WHAT IS REQUIRED →
The needed output is the run of lines below from the one containing "Mocha Mohair Scarf Accessories ELEVAA" through the one containing "Astaxanthin,Eye Health and", copied exactly and free of pictures.

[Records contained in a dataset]

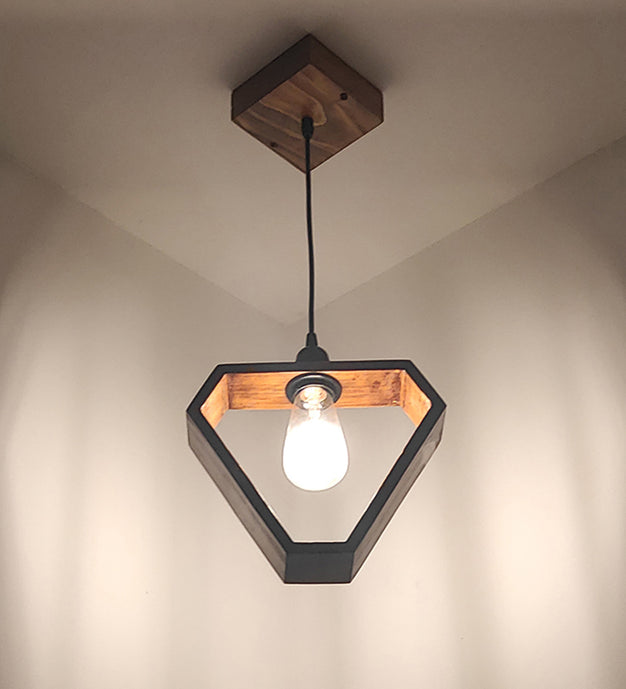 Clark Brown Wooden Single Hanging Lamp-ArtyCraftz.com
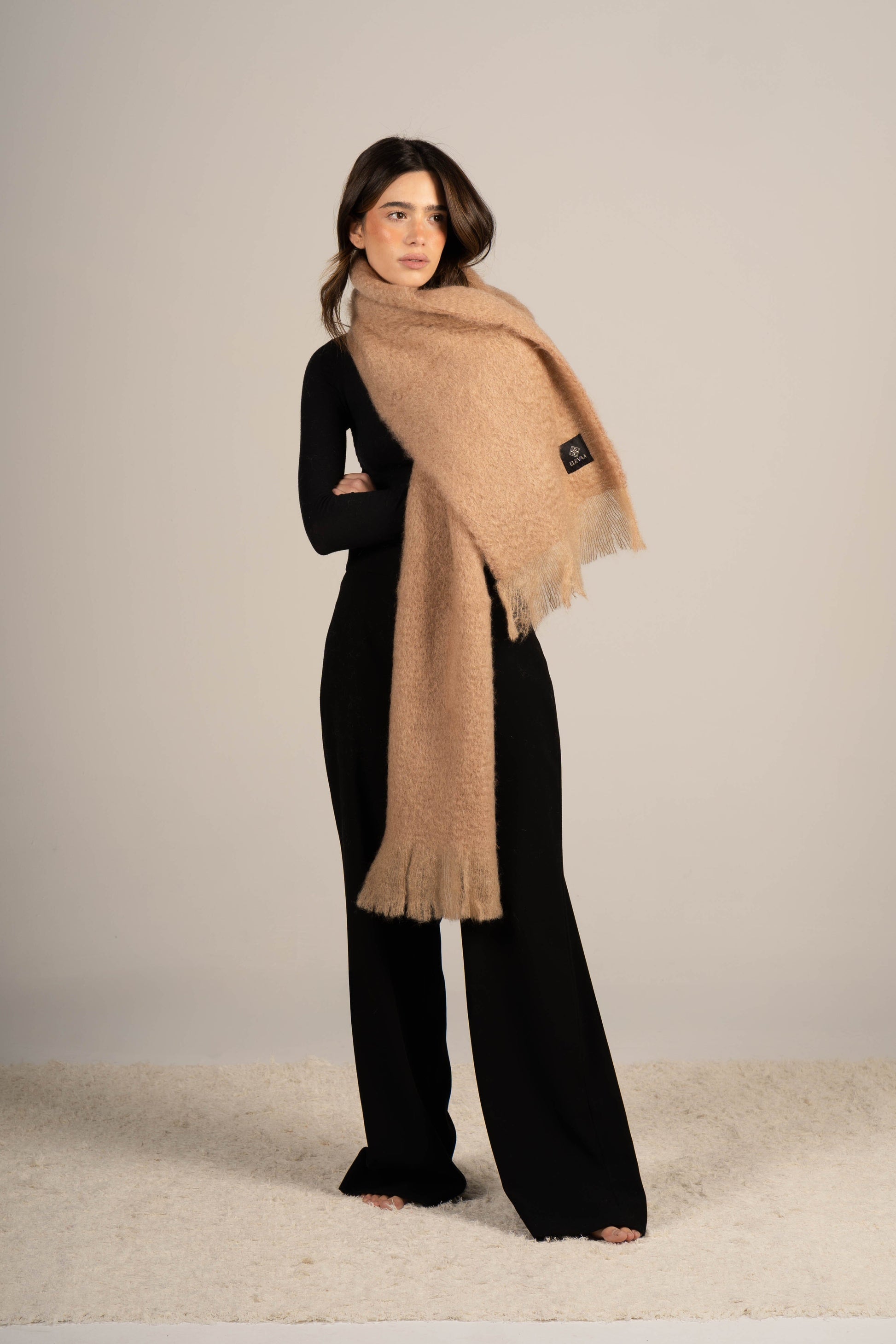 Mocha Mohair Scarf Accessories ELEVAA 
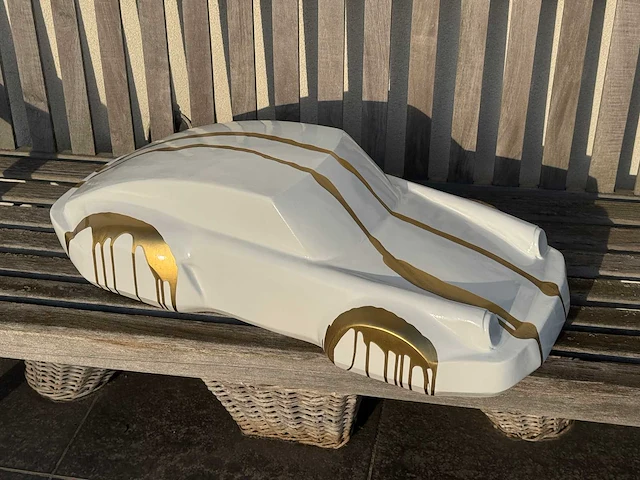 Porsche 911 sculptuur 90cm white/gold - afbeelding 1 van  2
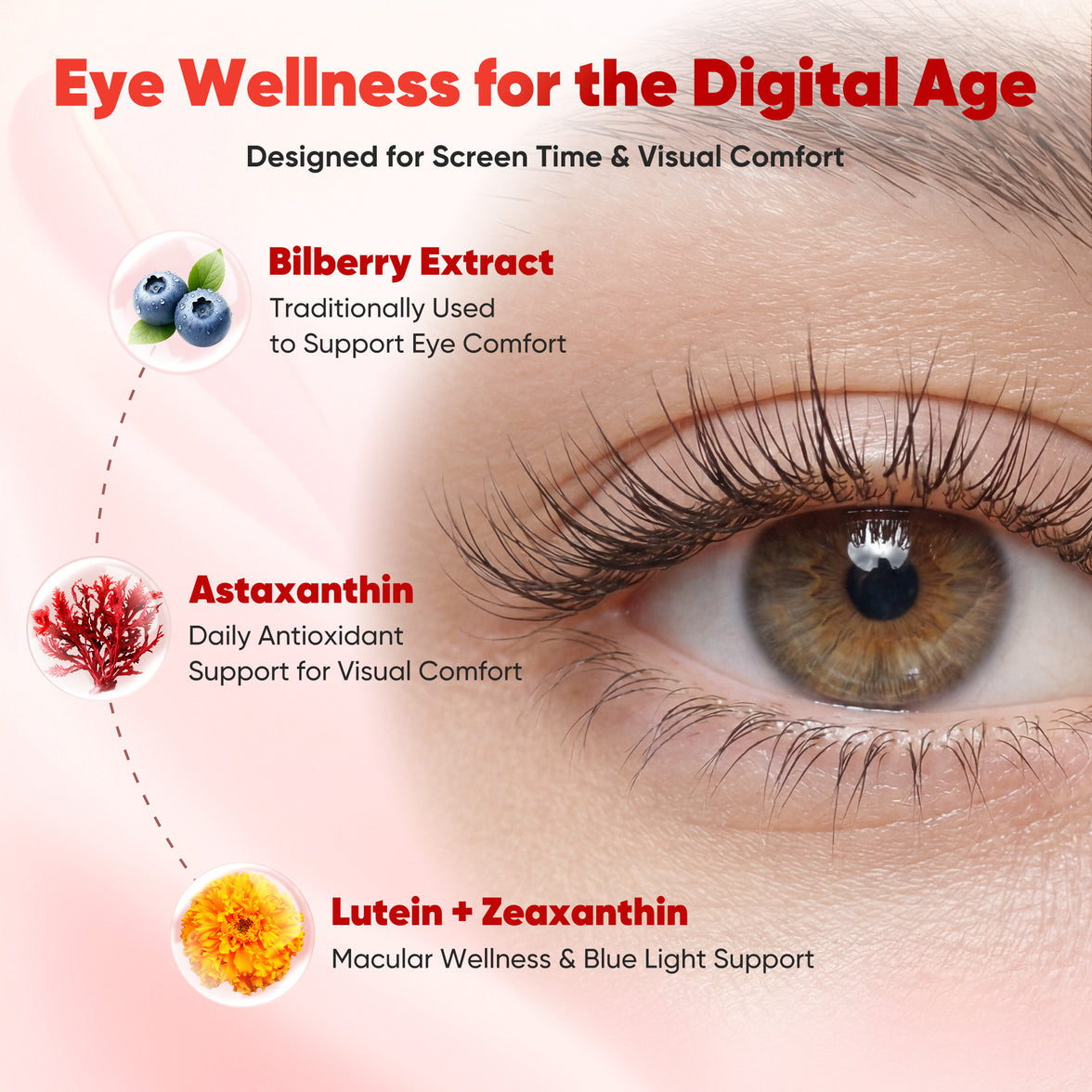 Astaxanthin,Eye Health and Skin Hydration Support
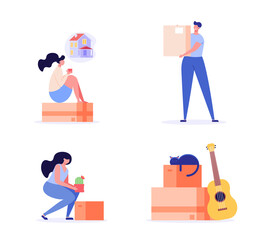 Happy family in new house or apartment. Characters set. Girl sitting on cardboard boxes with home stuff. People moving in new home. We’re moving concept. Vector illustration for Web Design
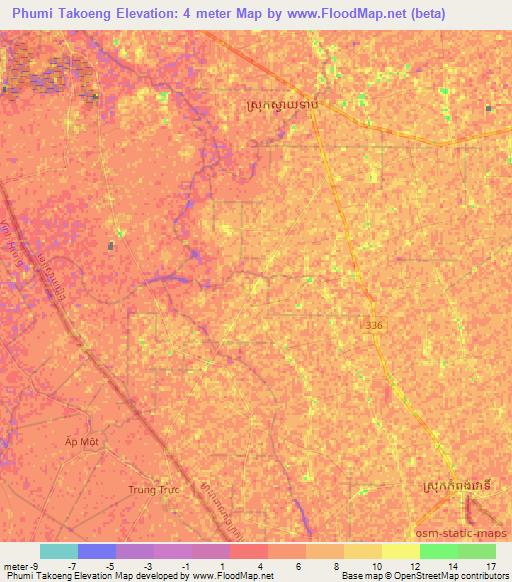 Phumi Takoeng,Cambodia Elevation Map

--

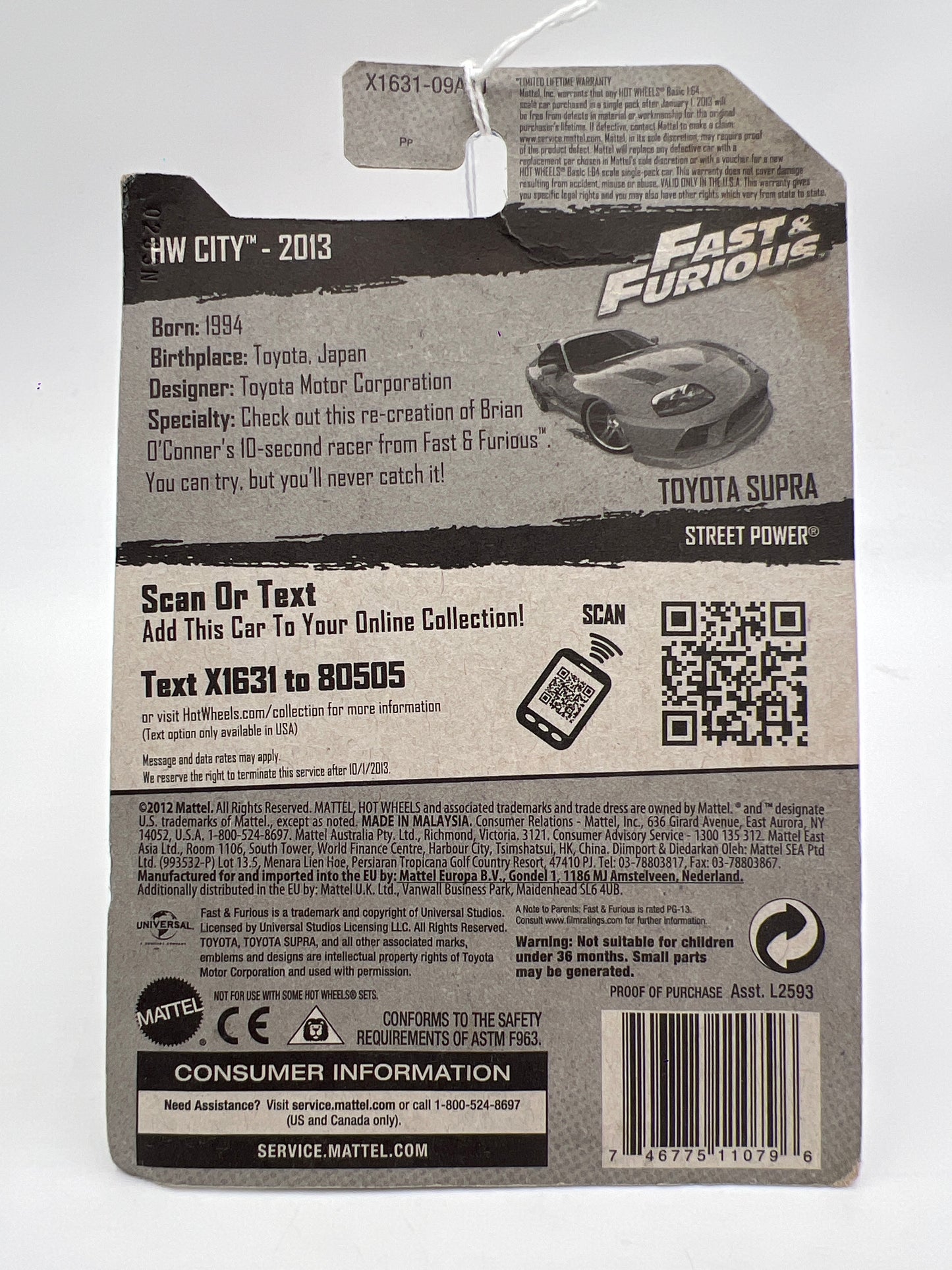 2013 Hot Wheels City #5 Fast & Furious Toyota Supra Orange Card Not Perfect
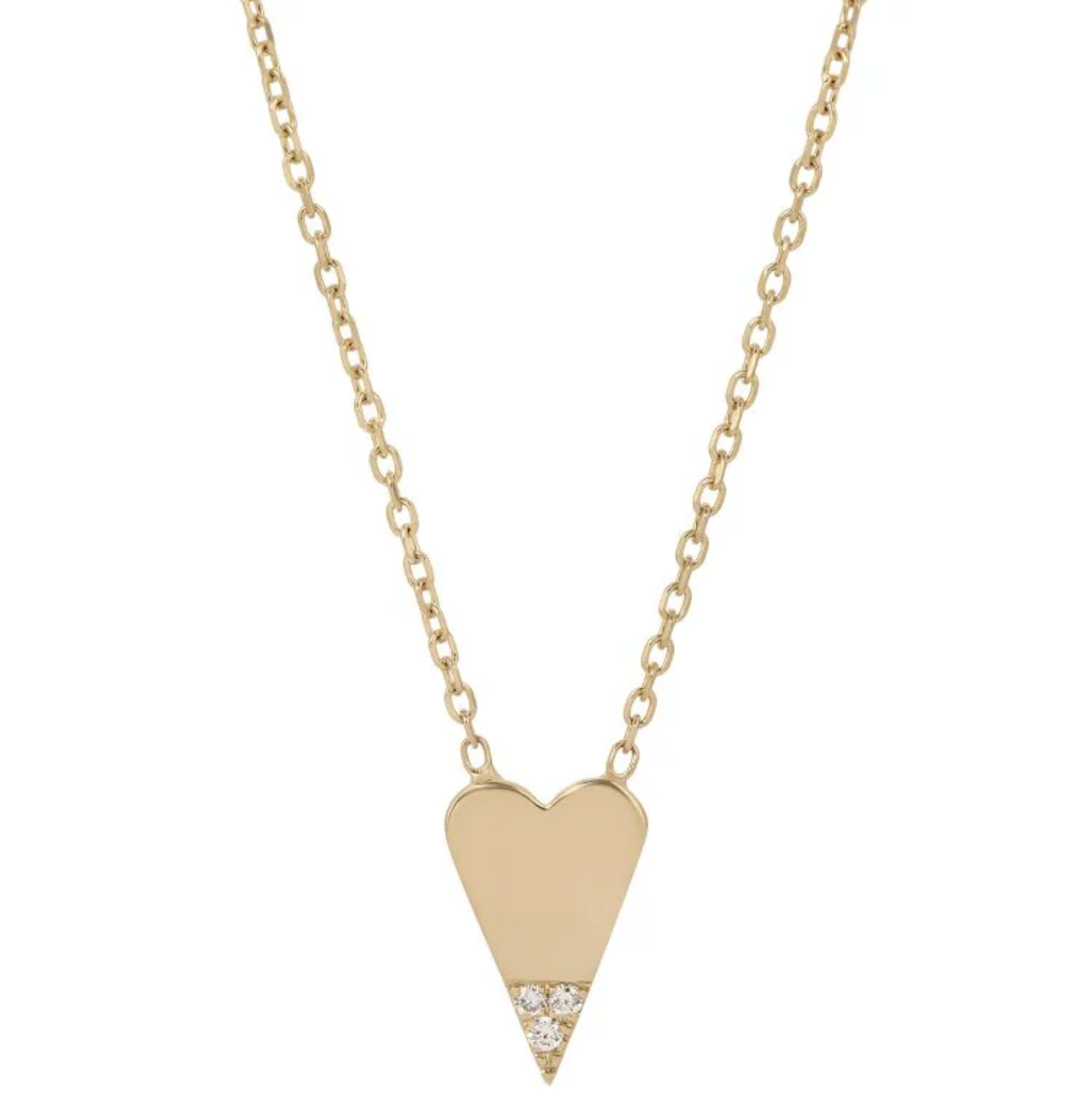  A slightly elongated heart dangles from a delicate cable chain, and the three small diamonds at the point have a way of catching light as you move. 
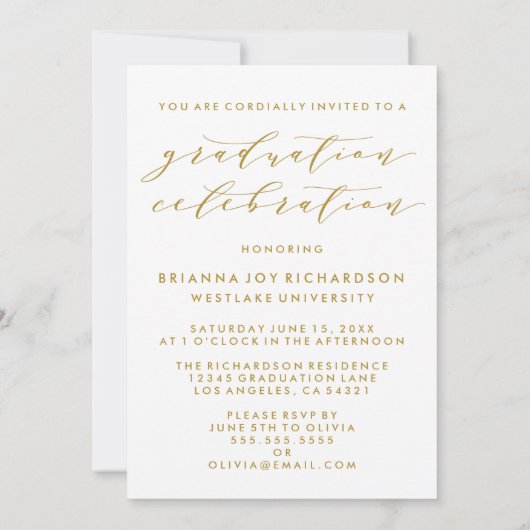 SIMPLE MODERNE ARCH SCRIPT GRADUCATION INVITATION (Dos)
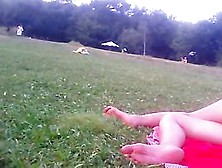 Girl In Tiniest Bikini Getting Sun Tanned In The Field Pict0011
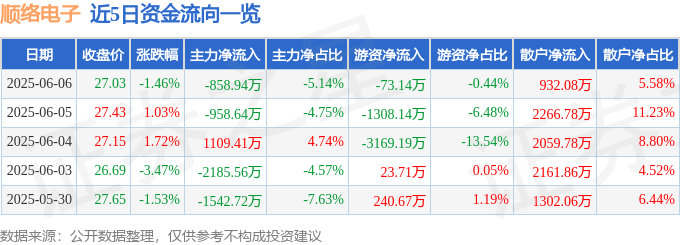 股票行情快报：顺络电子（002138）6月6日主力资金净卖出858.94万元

TASK ANSWER →
 Mocha Mohair Scarf Accessories ELEVAA 
 Porsche 911 sculptuur 90cm white/gold - afbeelding 1 van  2
 Astaxanthin,Eye Health and Skin Hydration Support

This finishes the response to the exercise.